UI Crunch 「デザイン経営」宣言 レポート
本日はUI Crunch「デザイン経営宣言」に参加させていただきました。いつもながら高倍率のイベントだったようで、私の身の回りでも来れなかった方が居たので、レポートを書かせていただきます。
▼こんな方におすすめ
経営者
・自社の企業価値を高める方法を学びたい方
・デザイン経営を実践したい方
デザイナー
・デザイン経営を実践している方
・ デザイン経営を自社に取り入れようと活動している方
経済産業省・特許庁から出された「デザイン経営」宣言について
▼こちらの資料に関するTakram 田川氏からの概略です
http://www.meti.go.jp/press/2018/05/20180523002/20180523002-1.pdf
●「デザイン経営」宣言が出された背景
・世界の潮流は第四次産業⾰命。
・あらゆる産業が新技術(インターネット等)の荒波を受ける
・そんな時代に、顧客に真に必要とされる存在はどんな組織か?
→世界の名だたる有⼒企業が戦略の中⼼に据えているもの=デザイン
・そこで特許庁も日本の政府ではじめてチーフデザインオフィサーを置いた
・ヒューマンファクターをきちんと行政に根付かせていくための一歩として「宣言」としてまず世に出し、デザイン経営についての議論が起こる状態にした(世間に対する意識付けを行った)
●「デザイン経営」の効果とは?
・ブランド⼒の向上(ブランド価値をあげることで企業と顧客の関係性を強く)
・イノベーション⼒の向上(プロダクトやサービスが機能するためヒューマン・ファクターを考慮する為)

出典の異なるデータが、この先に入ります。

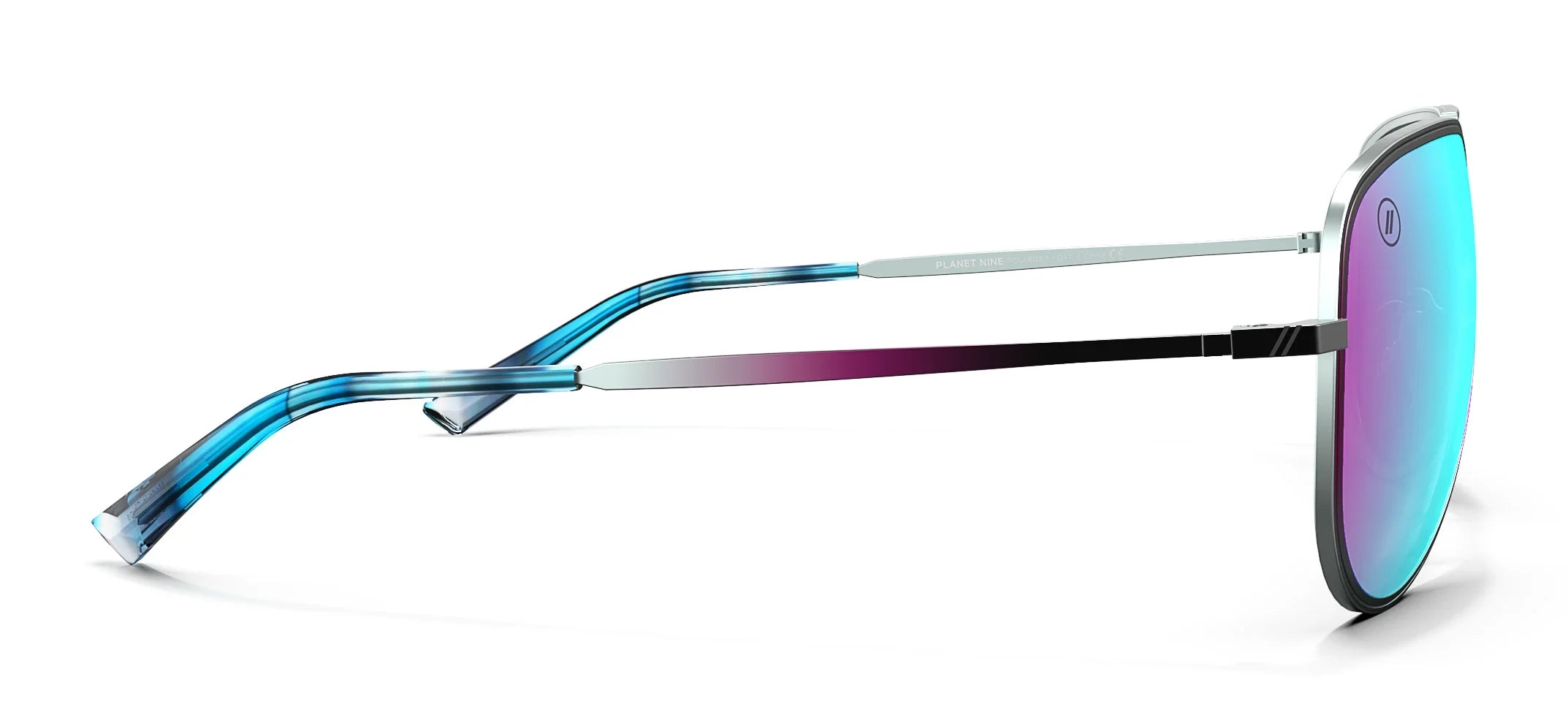 Planet Nine Aviator Sunglasses - Polarized Blue Lenses With Blue Acetate Frames Sunglasses | $48 US | Blenders Eyewear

※デザイン資源を「ブランド」と「イノベーション」どちらに注力するかにより企業のキャラクター(個性)がでる(無印はブランドが強い)
●デザインの投資効果
・デザインに投資している会社は普通の会社に対して2.0倍の成長率がある(10年間で株価が約2倍に)
・欧⽶ではデザイン投資を⾏う企業パフォーマンスについての研究が⾏われている→デザインへの投資を⾏う企業が、⾼いパフォーマンスを発揮していることが明らかに
●「デザイン経営」の定義
1.経営チーム(意思決定者)の中にデザイン責任者がいること
2.事業戦略構築の最上流からデザインが関与すること
●デザイン経営の為の具体的取組
1. デザイン責任者(CDO,CCO,CXO等)の経営チームへの参画
2.事業戦略・製品・サービス開発の最上流からデザインが参画
3.「デザイン経営」の推進組織の設置
4.デザイン⼿法による顧客の潜在ニーズの発⾒
5.アジャイル型開発プロセスの実施
6.採⽤および⼈材の育成
7.デザインの結果指標・プロセス指標の設計を⼯夫
最終 パネルディスカッション
登壇者:特許庁長官 宗像(むなかた)さん
Takram 田川さん、DeNA 南場さん、DeNA 増田さん、Goodpatch 土屋さん
●特許庁の役割を教えてください
発明、デザイン、商標などの知的創造の成果を保護・活用し、産業の発達に寄与することを目的としています。(by 宗像さん)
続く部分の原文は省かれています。